◆ **Exercise aim**: Report the count of lines below that include "Rock", without any other text.

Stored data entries
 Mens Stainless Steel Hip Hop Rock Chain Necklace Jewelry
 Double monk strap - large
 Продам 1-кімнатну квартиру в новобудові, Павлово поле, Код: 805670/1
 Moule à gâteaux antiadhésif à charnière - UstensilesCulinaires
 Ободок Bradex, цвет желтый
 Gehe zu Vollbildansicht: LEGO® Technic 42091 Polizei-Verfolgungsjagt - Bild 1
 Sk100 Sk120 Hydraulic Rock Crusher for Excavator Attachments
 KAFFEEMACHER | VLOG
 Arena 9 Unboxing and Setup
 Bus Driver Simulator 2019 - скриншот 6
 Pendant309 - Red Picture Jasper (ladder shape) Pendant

◆ **Written answer**: 2